In recognition of the increasing impact television has on decision-making by bringing world attention to conflicts and threats to peace and security and its potential role in sharpening the focus on other major issues, including economic and social issues, the United Nations General Assembly proclaimed 21 November as World Television Day (through resolution 51/205 of 17 December 1996).
World Television Day is not so much a celebration of the tool, but rather the philosophy which it represents. Television represents a symbol for communication and globalization in the contemporary world.
Impact of Television on Our Lives
The world today is controlled by advancements in technology. We live in a society that depends on information technology and communications to perform its daily activities, including work, entertainment, education, health care, personal relationships, travel, and many other pursuits.
Everything we experience through television shapes and influences our lives. Television educates, informs, entertains, instructs, and influences us in so many ways. The youth are greatly influenced by images and we can expect new value systems to emerge among them.

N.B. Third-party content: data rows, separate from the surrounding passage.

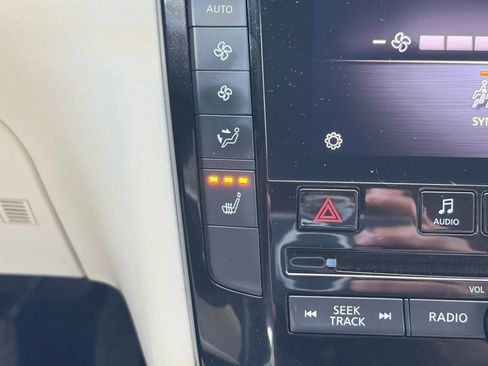 Used 2020 INFINITI QX50 Luxe w/ Navigation Package image 22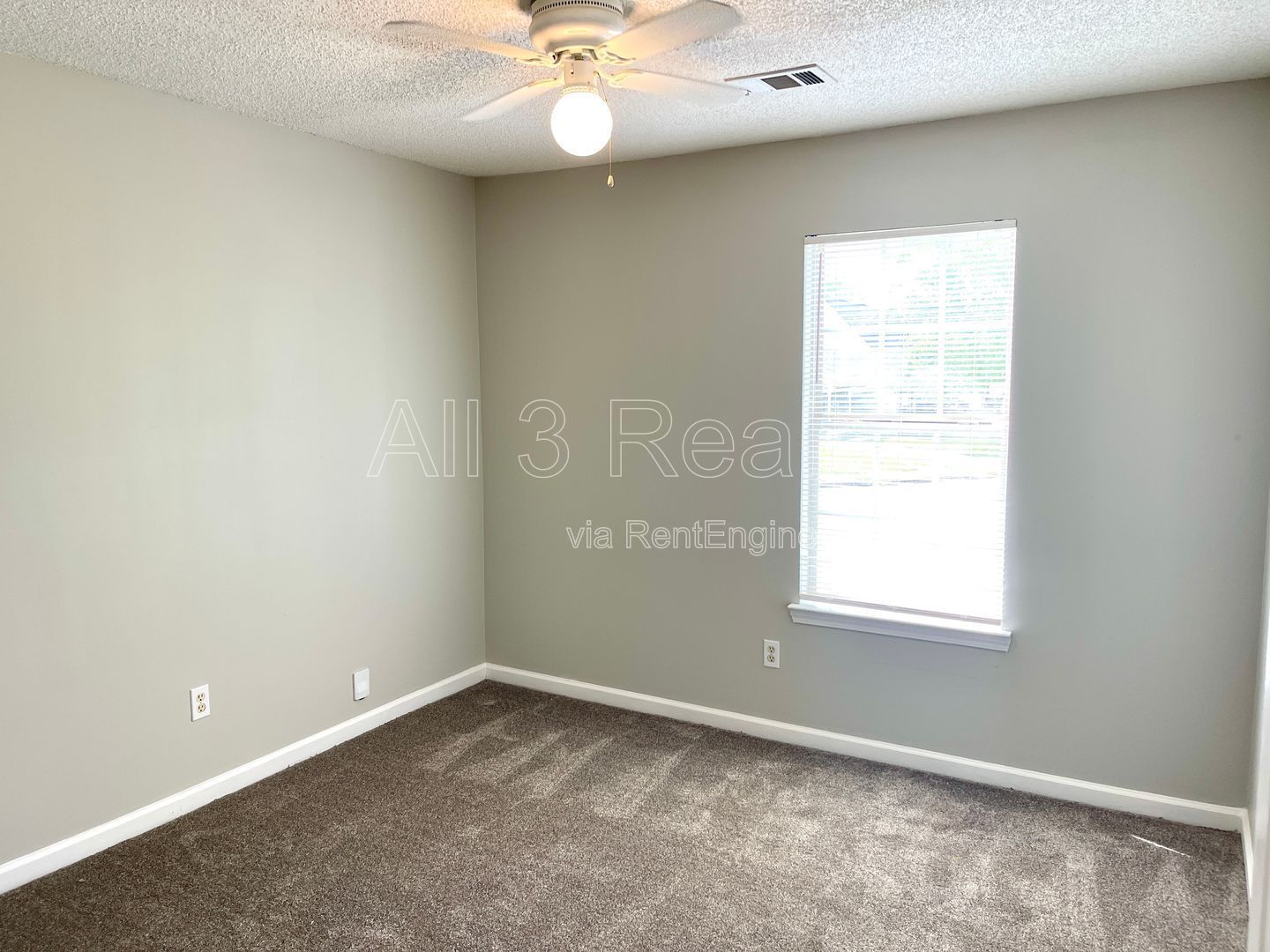 Welcome to this SPACIOUS 3-bedroom, 2.5-bath home located in Fairburn, GA. property image
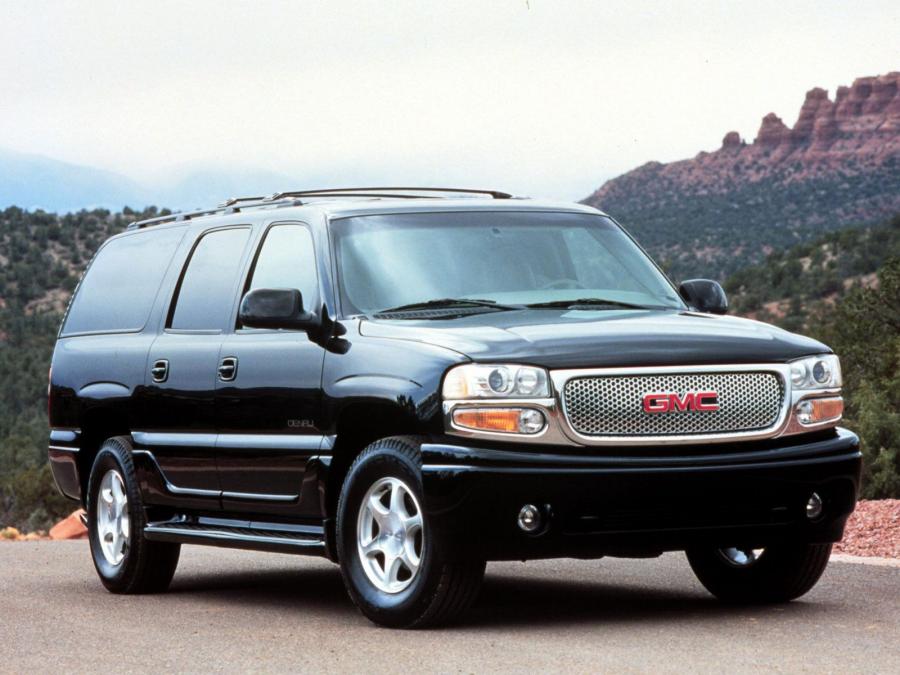  GMC Yukon XL Denali 2001 года  (фото 15 из 15)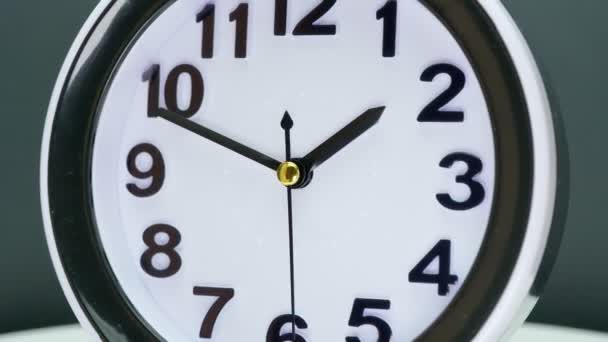 現代の時計は、速い時間経過の動きに直面する。クイック側の動きと加速分矢印の時間経過を記録します。時間は高速概念で飛ぶ。極端なマクロを閉じます。4k. — ストック動画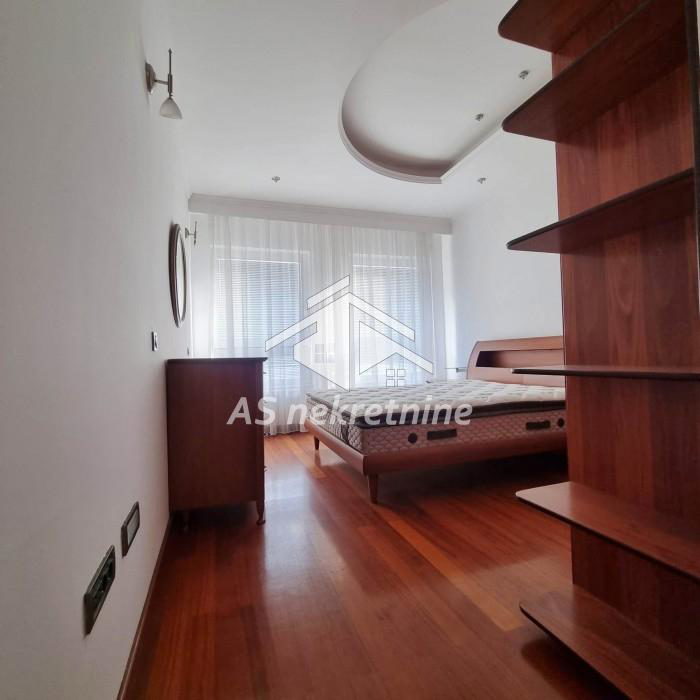 Trosoban stan za izdavanje, Dorćol, Beograd, 120m², 2.000 €/mes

On 21 and 22 November 1996 the United Nations held the first World Television Forum, where leading media figures met under the auspices of the United Nations to discuss the growing significance of television in today's changing world and to consider how they might enhance their mutual cooperation. That is why the General Assembly decided to proclaim 21 November as World Television Day.
This was done in recognition of the increasing impact television has on the process of decision-making. Television was thus acknowledged as a major tool in informing, channeling and affecting public opinion. Its impact and presence and its influence on world politics could not be denied.